The reason they refused was that my customer did not have all the papers legal to get his shipment. They said he must have a permit to get his betta which really confused me now. 
Like i said, i sent betta before to Hawaii and have never heard any complaints from those customers. I thought maybe before they didn't check the others box and now they checked it because i sent more, 60 fishes, 20 ct, 20 hm and 20 hmplakat all males, so maybe the size of the box was bigger and it caught their attention. 
They sent me the box back because they dont want all those fishes sit in their warehouse without any proper care, they may die.


----------



## MrVampire181 (May 12, 2009)

That's weird. Being a state I don't know why they'd need a license to get the fish.


----------



## thekoimaiden (Oct 19, 2011)

It may be a state, but due to the unique island ecosystem, Hawaii is very strict about their import policies. 
Importing Animals to Hawai`i from the U.S. Mainland — Hawaii Department of Agriculture


----------



## Leeniex (Aug 14, 2011)

You should have checked into that before shipping them, huh?


----------



## karpediem (Feb 15, 2012)

I don't have to check for local shipping, Hawaii is a State of the US. It is the buyer responsability to make sure he has all the papers or permet if need it to get his shipment. 
I only check if i send fishes out of USA. I send a box of hm pairs once a month to Japan and i always have to make sure i have all the papers works for the custom at the airport and my customer do the same on his side when he go to pick it up at his airport.


----------



## thekoimaiden (Oct 19, 2011)

I agree with you. One should always know the state regulations on animals before purchasing them. Some things that you would never think of as illegal are even in the contiguous 48.


----------



## styggian (Dec 13, 2011)

karpediem said:


> I don't have to check for local shipping, Hawaii is a State of the US. It is the buyer responsability to make sure he has all the papers or permet if need it to get his shipment.
> I only check if i send fishes out of USA. I send a box of hm pairs once a month to Japan and i always have to make sure i have all the papers works for the custom at the airport and my customer do the same on his side when he go to pick it up at his airport.

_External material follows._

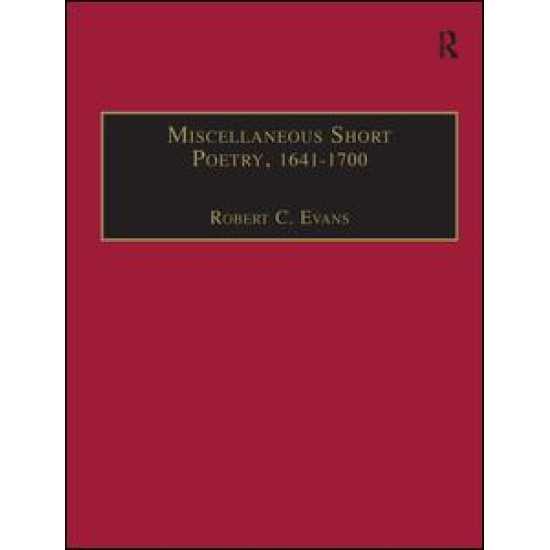 Miscellaneous Short Poetry, 1641–1700 Miscellaneous Short Poetry, 1641–1700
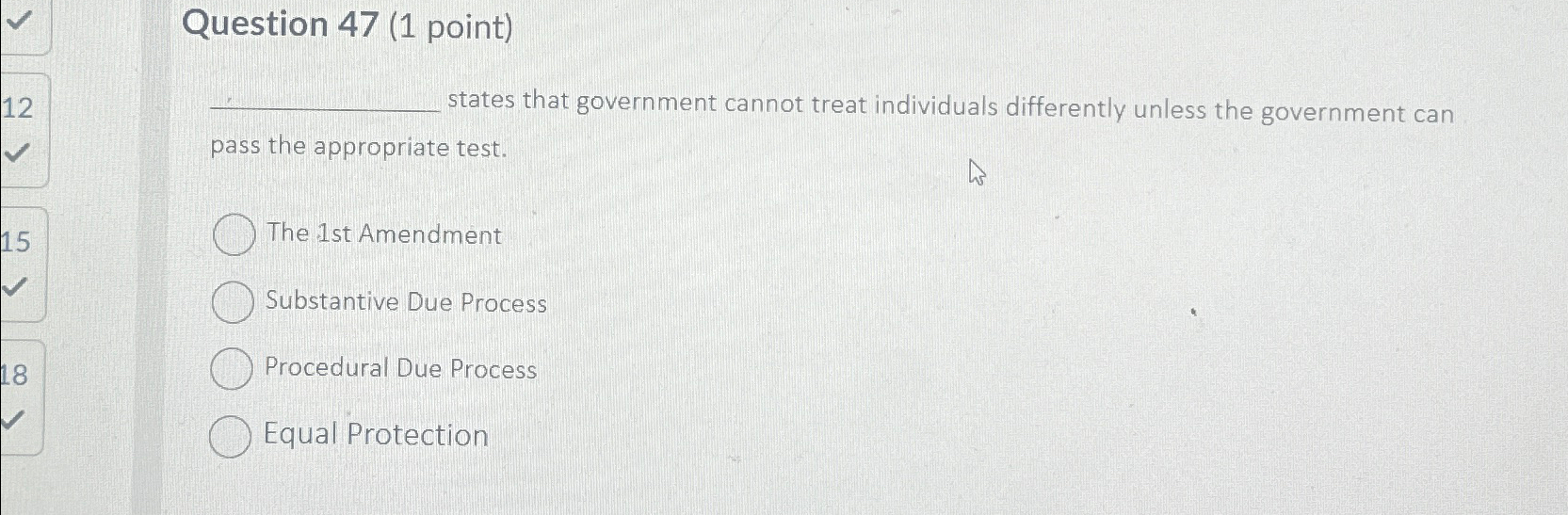 Solved Question 47 (1 ﻿point);tates that government cannot | Chegg.com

Agreed, if you want to purchase something or import something, it's on you to know the laws in your own area, not expect the seller to have time to research every country/state/city to make sure it can happen.

I'm in Wisconsin, I can't expect someone on the other side of the country, let alone the other side of the planet, to magically know whether or not a heatpack will be necessary. I live here, they don't.


----------